Basically, The Escapists is set in the modern day, with the conceit that Kavalier and Clay actually existed, and so did their comics handiwork. 20-something outsider Maxwell Roth finds himself orphaned in Issue 1, while also discovering that his late father was a rabid fan of the now-forgotten Escapist hero. Max then uses his inheritance to purchase the rights to the character, blow the dust off the idea, and enlist a team of writers and illustrators to help him revamp and renew the title. His partners are Case Weaver, an illustrator with moxie and talent to burn, and Denny Jones, a beefy jock with a knack for lettering and sticking up for his gawky pal.

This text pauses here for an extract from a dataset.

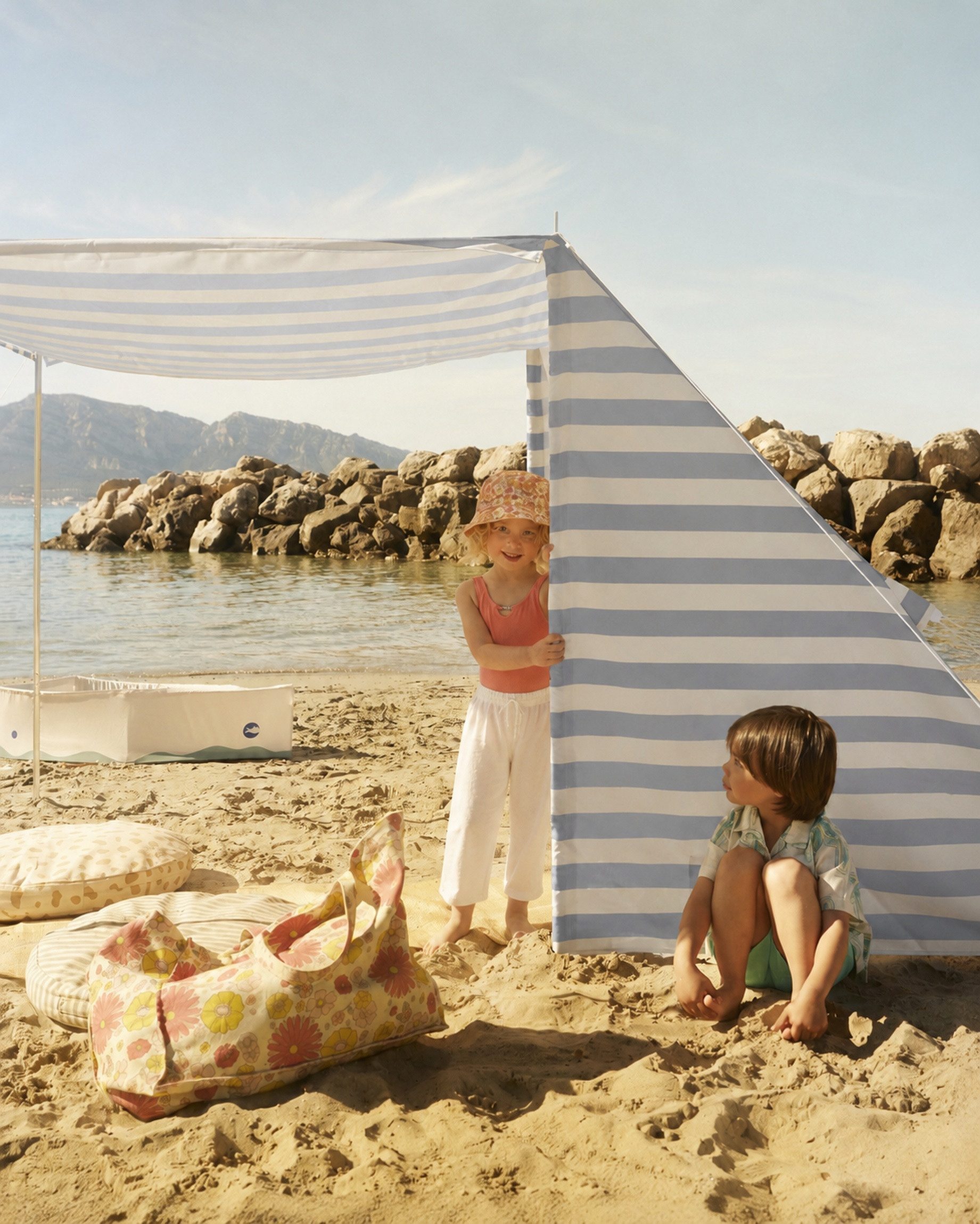 Kids Concept Strandmuschel Kids Concept – Sonnenschutz Strandzelt blau – 150x300x150cm, Personen: 2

Following all of this comics-within-a-comic metafiction business? Good. Believe me, it's worth it. Writer Brian K. Vaughan (he's real, by the way), imbues his characters with snappy dialogue and sincere motivations that keep the story exciting and relatable. In Issue 2, the gang deploys guerilla marketing to get the word out for their broke enterprise by outfitting the strapping Denny in an Escapist suit and staging random publicity stunts. Of course, things don't go exactly as planned, including when the coveted first review turns out to be negative. There's a romance element building between Max and Case, and the coming of yet more use of our postmodern prefix when metaphysical coincidences start to take place whenever Denny puts on the Escapist suit.

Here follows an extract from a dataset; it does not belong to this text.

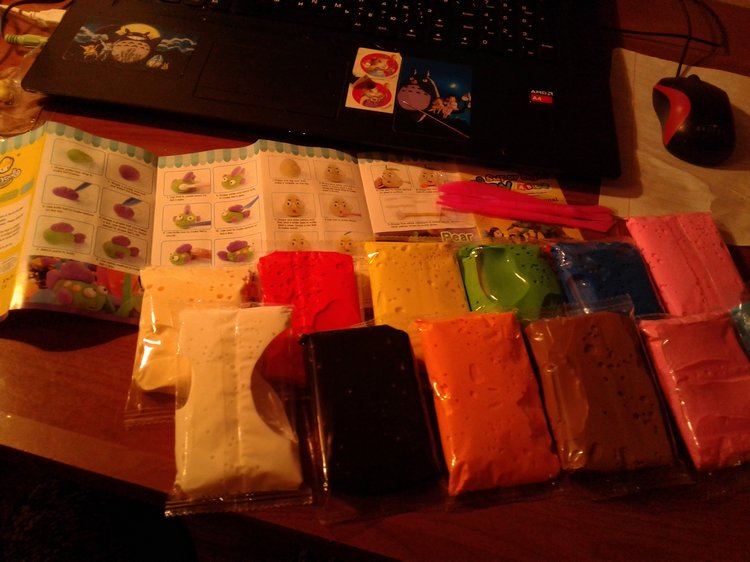 Слепила из того, что было. Кукольная еда из самозастывайки. Бенто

And all this conceptual derring do doesn't stop with the art, either. The comic volleys between two distinct visual styles to tell the story -- the cartoony, modern polish used to depict Max's life, and the edgy, painterly pages inserted from Max's comic. Steve Rolston (real, too) draws the traditional narrative in Issues 2 and 3, and his casual yet complete style, and knack for impactful facial expressions fits perfectly with the idea of a group of young idealists working together on a labor of love. Jason S. Alexander (real person) contributes the pages ostensibly drawn by the fictional Case Weaver. Alexander's style is dark, raw, and sketchy -- the perfect contrast to Rolston's rounded figures and pop colors. The attitude expressed by Alexander is a seamless extension of Case's sass and impulsiveness. Better yet, the new Escapists seems to have learned from the mistakes of earlier adaptations, and provides a clever device for jazzing up its depiction of The Escapist in action with more than musty superhero shtick.

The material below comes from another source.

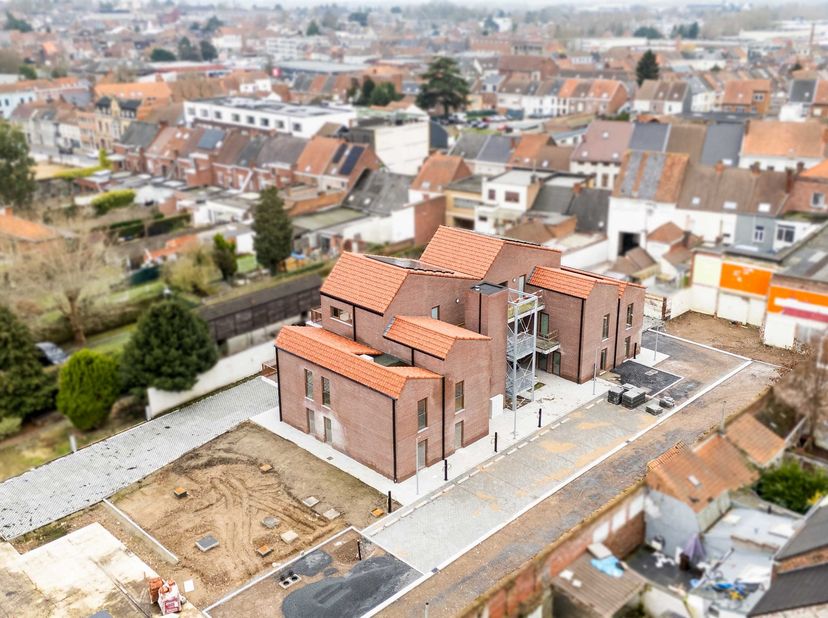 Appartement à vendre
                    à 9600 Renaix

The Amazing Adventures of Kavalier & Clay truly tapped into the imaginations of its readers -- inspiring everything from faux-historical research, loving tributes from comics' heavyweights, and even a subplot on The O.C.. But no spin-off has captured the excitement and emotion of the novel more fully, and with more dazzling craft than The Escapists, Seth Cohen's dimpled wisecracks notwithstanding. Reframing the adaptation to focus again on the creators, rather than their creation, brings back the dewy charm of following likeable characters as they struggle towards a goal. Like the 600-plus page tome from whence they came, I could just go on and on about these books, but I'm afraid I'm going to have to stop there. You see, I have a hot date with Issue 4 coming up, and gee whiz, I think it could be serious.